Ces accords reposent sur cinq branches, dont une branche accordant une aide globale de 6,25 millions par an répartie entre les communes qui adopteraient une pension complémentaire pour leurs contractuels.

L’aide au 2e pilier, qui par ailleurs rattrape en partie la différence de traitement entre les pensionnés ayant été statutaires et ceux ayant travaillé comme contractuels, est intervenue en 2021, 2022 et 2023 pour réduire le montant des cotisations de responsabilisation payées pour les statutaires.

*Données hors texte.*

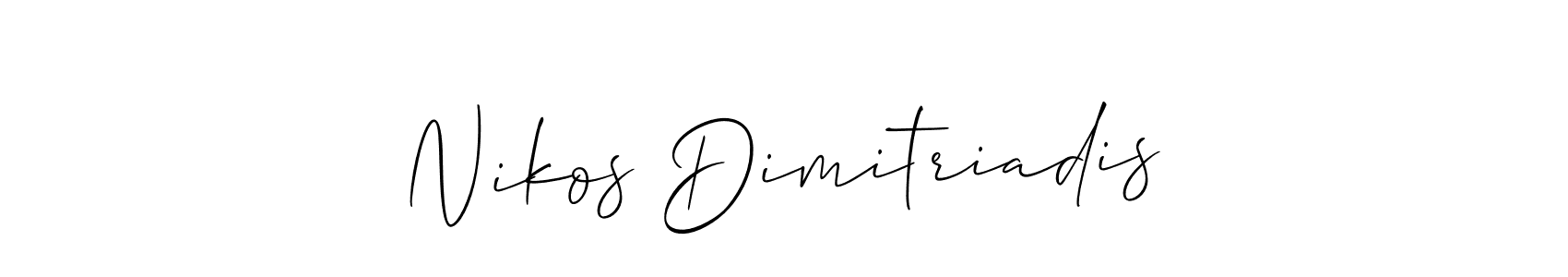 Make a beautiful signature design for name Nikos Dimitriadis. With this signature (Allison_Script) style, you can create a handwritten signature for free. Nikos Dimitriadis signature style 2 images and pictures png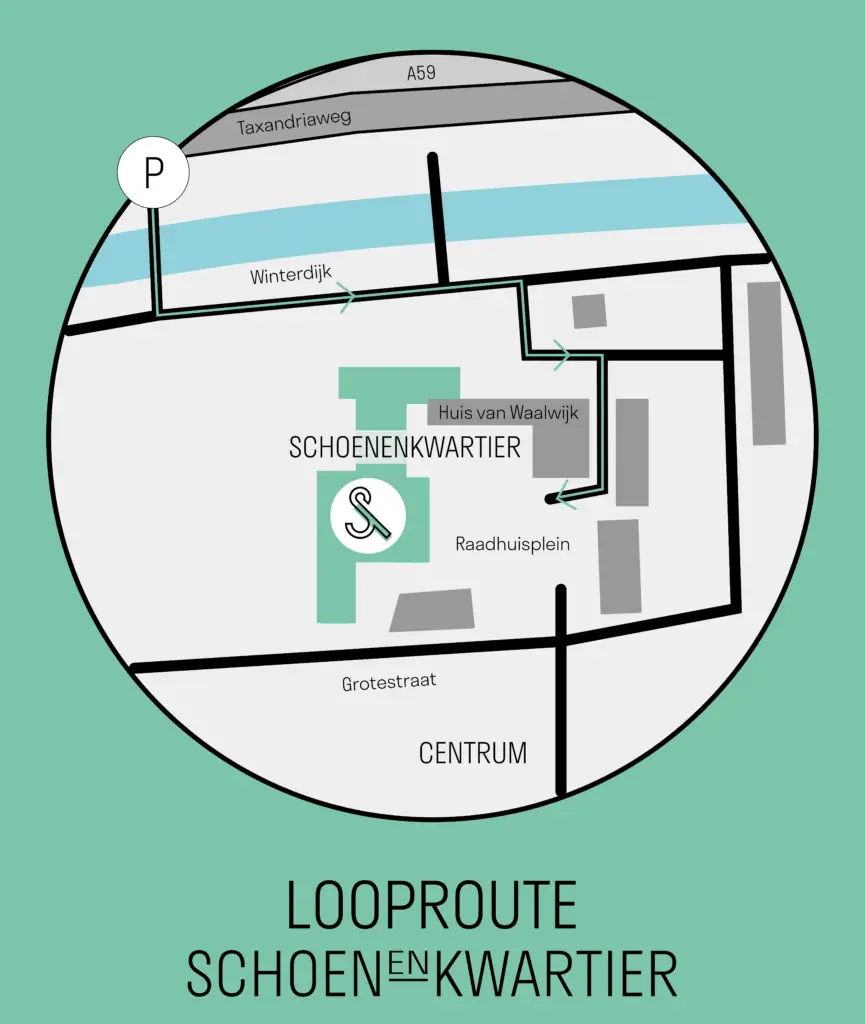 Plattegrond met wandelroute van parkeerplaats Taxandriaweg naar museum Schoenenkwartier in Waalwijk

J’ai aussi approuvé la mise sur pied d’un simulateur des coûts de pension, afin de tester les divers scénarios possibles pour chaque administration locale et d’établir la politique RH la plus souhaitable (hausse, stabilisation, diminution des nominations) selon chaque situation. Ce simulateur se trouve à la Direction des Finances Locales à laquelle les communes peuvent s’adresser pour obtenir des simulations de leur situation.